Reputation: 393
I'm trying to figure out the average frequency or range of a person's voice as they speak into the microphone. It does not have to be real time. My approach so far was to use AVAudioEngine and AVAudioPCMBuffer, get the buffer data and convert it to FFT.
inputNode.installTap(onBus: 0, bufferSize: 1024, format: recordingFormat) { (buffer: AVAudioPCMBuffer, when: AVAudioTime) in
self.recognitionRequest?.append(buffer)
let data = buffer.floatChannelData?[0]
let arrayOfData = Array(UnsafeBufferPointer(start: data, count: Int(buffer.frameLength)))
let fftData = self.performFFT(arrayOfData)
}
func performFFT(_ input: [Float]) -> [Float] {
var real = [Float](input)
var imag = [Float](repeating: 0.0, count: input.count)
var splitComplex = DSPSplitComplex(realp: &real, imagp: &imag)
let length = vDSP_Length(floor(log2(Float(input.count))))
let radix = FFTRadix(kFFTRadix2)
let weights = vDSP_create_fftsetup(length, radix)
vDSP_fft_zip(weights!, &splitComplex, 1, length, FFTDirection(FFT_FORWARD))
var magnitudes = [Float](repeating: 0.0, count: input.count)
vDSP_zvmags(&splitComplex, 1, &magnitudes, 1, vDSP_Length(input.count))
var normalizedMagnitudes = [Float](repeating: 0.0, count: input.count)
vDSP_vsmul(sqrt(magnitudes), 1, [2.0 / Float(input.count)], &normalizedMagnitudes, 1, vDSP_Length(input.count))
vDSP_destroy_fftsetup(weights)
return normalizedMagnitudes
}
public func sqrt(_ x: [Float]) -> [Float] {
var results = [Float](repeating: 0.0, count: x.count)

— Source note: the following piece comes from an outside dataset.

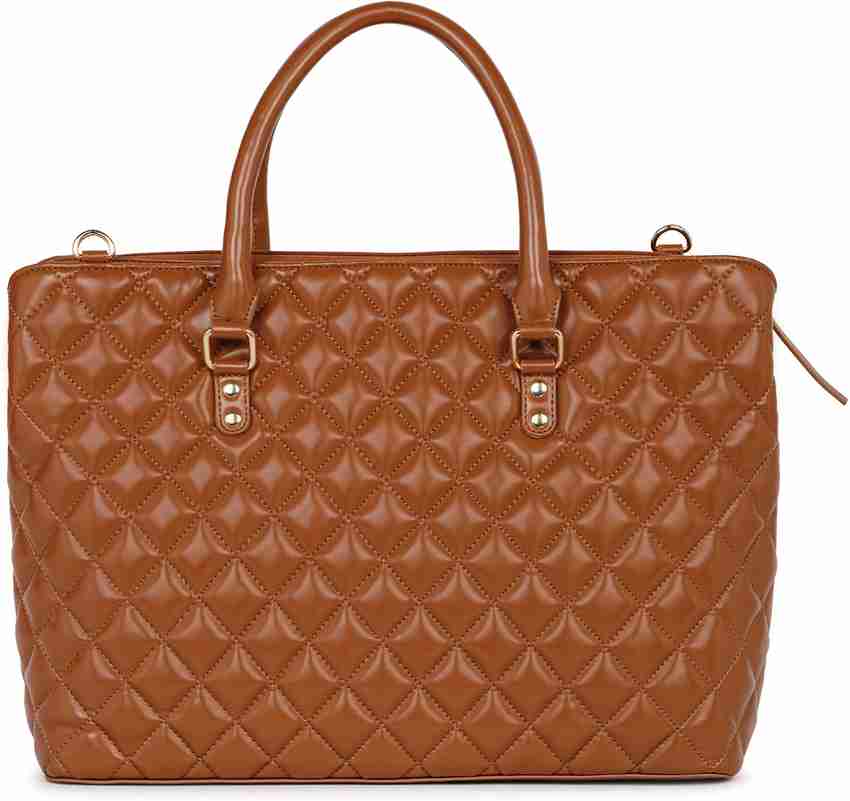 Berrylush Formal Quilted Laptop Bag 13.5 L Laptop Backpack Brown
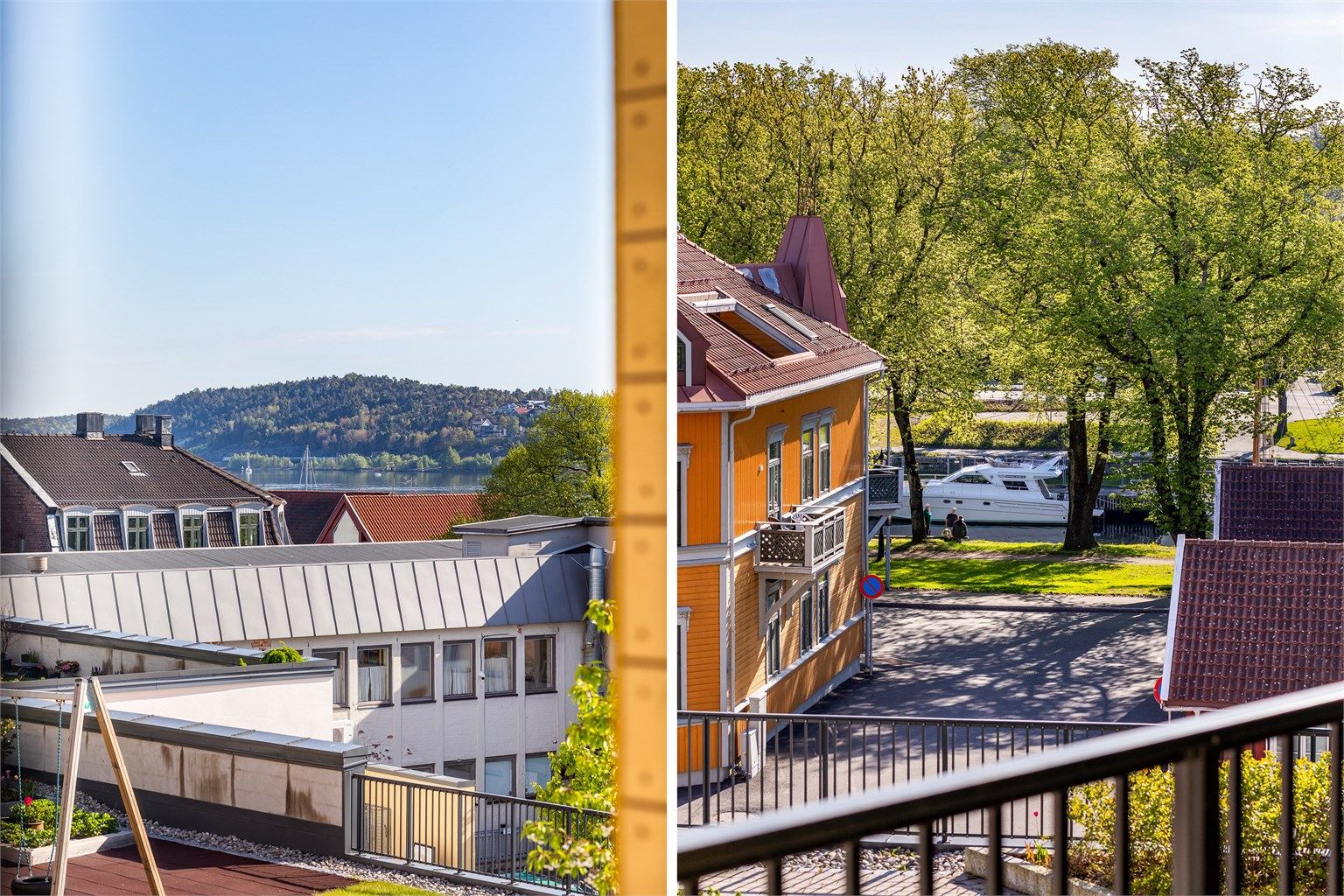 Utsikt fra soverom II til Mossesundet og Kanalparken - fremhevet med zoom.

vvsqrtf(&results, x, [Int32(x.count)])
return results
}
I think I'm returning proper FFT Data, printing looks like this:
However this can't be the correct Hz. It was me speaking, and avg male voices have a range of 85 to 180 Hz. I'm just not sure where to go from here.
Goal is to find a frequency average or range for the when a user speaks through the mic. Thanks so much for any help!!!
Upvotes: 2
Views: 1040
Reputation: 70693
The FFT magnitude is a spectral frequency estimator (which doesn't work for many voice pitches), not a pitch detection/estimation algorithm. Try a pitch estimation algorithm instead, which can better detect a fundamental pitch even if the vocal harmonic/overtone series has more spectral power.
Upvotes: 1